Frankreichs Regierung hat den Ausnahmezustand über das Land nach den tödlichen Terroranschlägen von Paris im Jahr 2015 zur Bekämpfung des Terrorismus verhängt und seither sechsmal verlängert. Er soll am 1. November endgültig auslaufen.

Zu den Kernpunkten der neuen Regelung gehört, dass Behörden ohne vorherigen richterlichen Beschluss Unterkünfte von Personen durchsuchen können, die terroristischer Verbindungen verdächtigt werden. Bis zu vier Stunden dürfen diese Menschen auch festgehalten werden. Daten, Gegenstände und Dokumente dürfen ebenfalls leichter beschlagnahmt werden. Behörden dürfen die Bewegungsfreiheit von Verdächtigen bis zur Dauer eines Jahres einschränken. Diese müssen sich so lange täglich bei der Polizei melden.

Macron fordert nationalen Anti-Radikalisierungsplan

Hochrangige Regionalbeamte erhalten zudem das Recht, Gotteshäuser bis zu sechs Monate zu schließen, wenn sie der Ansicht sind, dass Prediger zu Anschlägen aufrufen oder den Terrorismus verherrlichen. Dies kann ohne jeden von der Polizei erlangten harten Beweis geschehen. "Ideen und Theorien", die von den Anhängern der Prediger geteilt werden, reichen für eine solche Entscheidung schon aus.

Die Polizei hat künftig auch die Befugnis, Personen in gefährdeten Gebieten wie in Grenznähe, auf Bahnhöfen und Flughäfen anzuhalten und ohne weitere Begründung zu durchsuchen.


Im Vorfeld der Parlamentsabstimmung empfing der französische Präsident Emmanuel Macron im Élysée-Palast 500 Polizeibeamte, Gendarmen, Präfekten und andere Beamte. Macron verteidigte das neue Gesetz und diskutierte einen neuen landesweiten Anti-Radikalisierungsplan.
Die erste Aufgabe des Staates besteht darin, unsere Mitbürger zu schützen und die Sicherheit des staatlichen Territoriums zu gewährleisten.
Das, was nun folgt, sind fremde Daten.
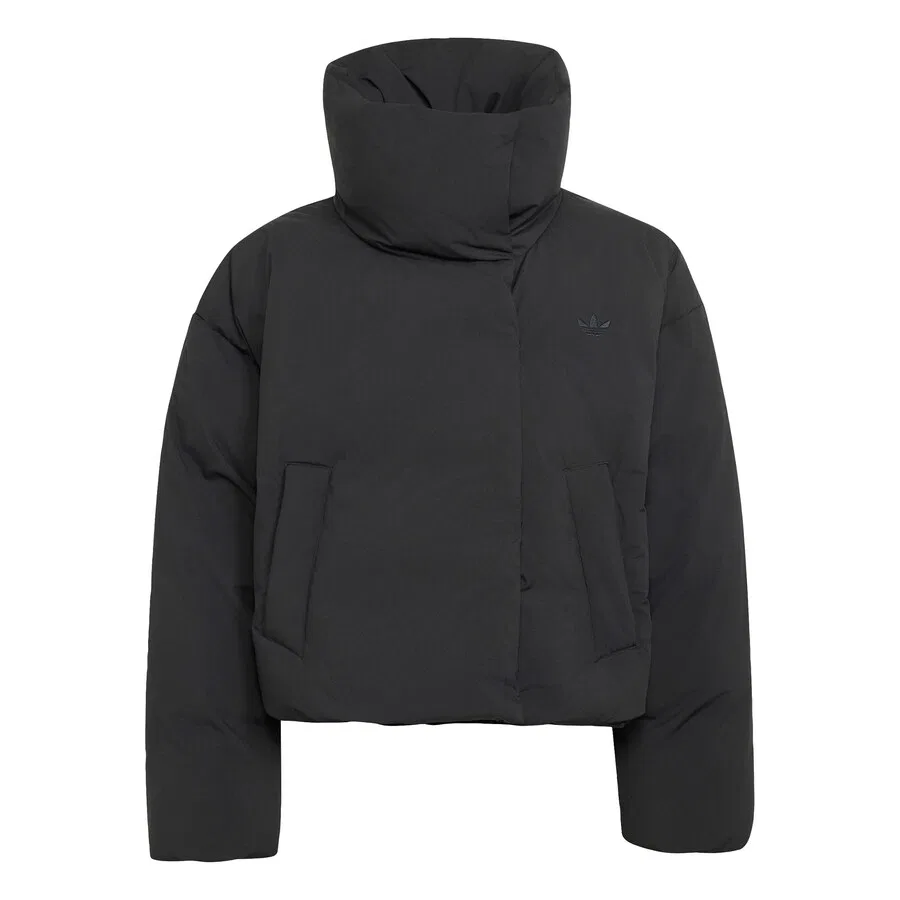 Зимняя куртка ADIDAS ORIGINALS 'OVERSIZED PUFFER' черного цвета
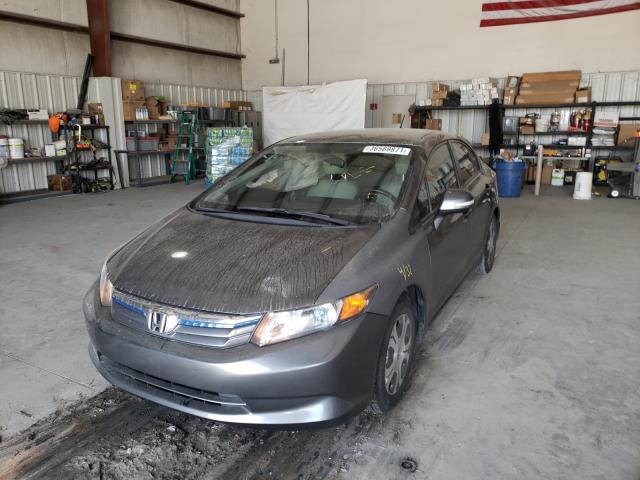 2012 HONDA CIVIC HYBR JHMFB4F27CS005157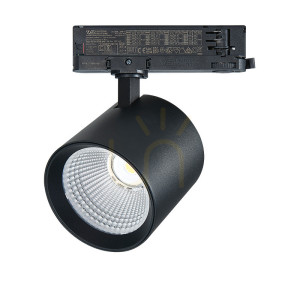 Spot LED cu 3 faze 42W 4000k negru ZAMBELIS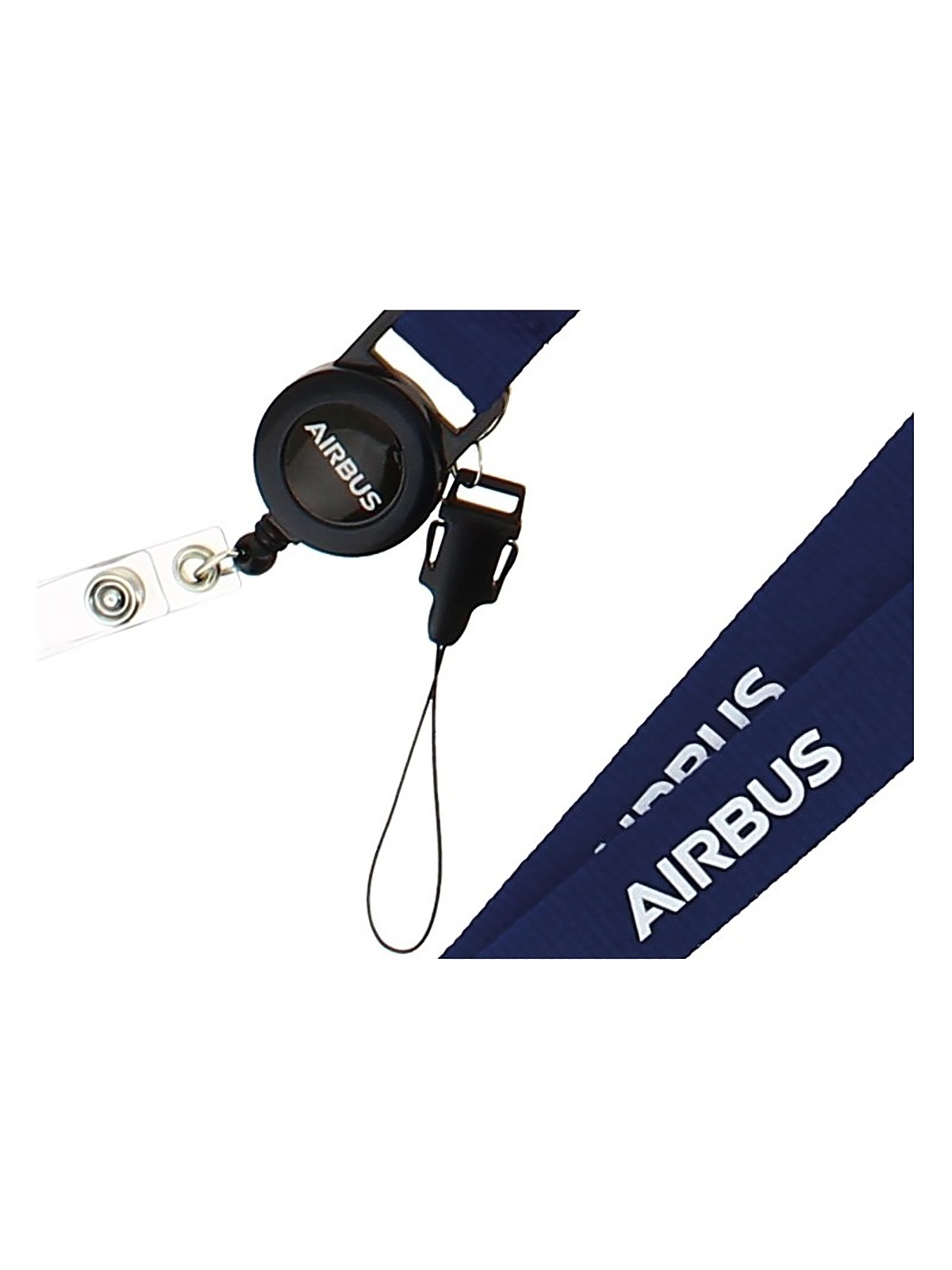 Airbus Lanyard mit ID-Clip - ausziehbar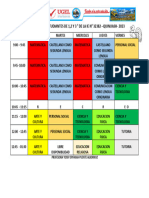 Horario de Los Estudiantes 2023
Wir müssen unsere Organisation, unser Handeln anpassen", sagte er.
Der Plan sieht unter anderem vor, 10.000 weitere Polizisten und Gendarmen einzustellen. Sie soll mit einer "für die Smartphone-Ära geeigneten Technik" ausgestattet werden. Außerdem soll es "strengere Maßnahmen zur effizienteren Abschiebung von Migranten ohne legalen Aufenthaltstitel" in Frankreich geben.
Wir begrüßen Menschen nicht gut. Unsere Verfahren dauern zu lang. Wir integrieren Menschen nicht richtig und schicken auch nicht genügend Leute zurück", sagte Macron den Polizeibeamten.
Das neue Anti-Terror-Gesetz hat wiederholt Besorgnis über Menschenrechtsfragen hervorgerufen. UN-Menschenrechtsexperten forderten Frankreich nachdrücklich dazu auf, "internationalen Menschenrechtsverpflichtungen nach[zu]kommen". Sie befürchten, dass der Gesetzentwurf "eine Reihe von Einschränkungen bürgerlicher Freiheiten, die derzeit im französischen Ausnahmezustand gelten, in das allgemeine Recht aufnimmt".

"Institutioneller Rassismus gegen die arabisch-muslimische Gemeinschaft"

Auch wenn die Gewährung von weitreichenden Befugnissen der Polizei dazu beiträgt, einige Angriffe zu vereiteln, könnte sie Minderheiten, insbesondere arabische Muslime, entfremden und diese dadurch anfälliger für terroristische Propaganda machen, erklärte der politische Analyst Dan Glazebrook im Gespräch mit RT.

"Wenn die Polizei diese Vollmachten bekommt, wird sie Gemeinschaften diskriminieren, die bereits entfremdet sind. Auf diese Weise werden noch mehr potenzielle Rekruten in die Hände von dschihadistischen Todesschwadronen gedrückt", sagte Glazebrook und argumentierte, dass die französische Polizei ohnehin ein "ernsthaftes Problem mit institutionellem Rassismus und Brutalität gegen die arabisch-muslimische Gemeinschaft" hätte. Glazebrook erinnerte an das Pariser Massaker von 1961, als Dutzende Algerier während einer Demonstration gegen den Algerien-Krieg getötet wurden.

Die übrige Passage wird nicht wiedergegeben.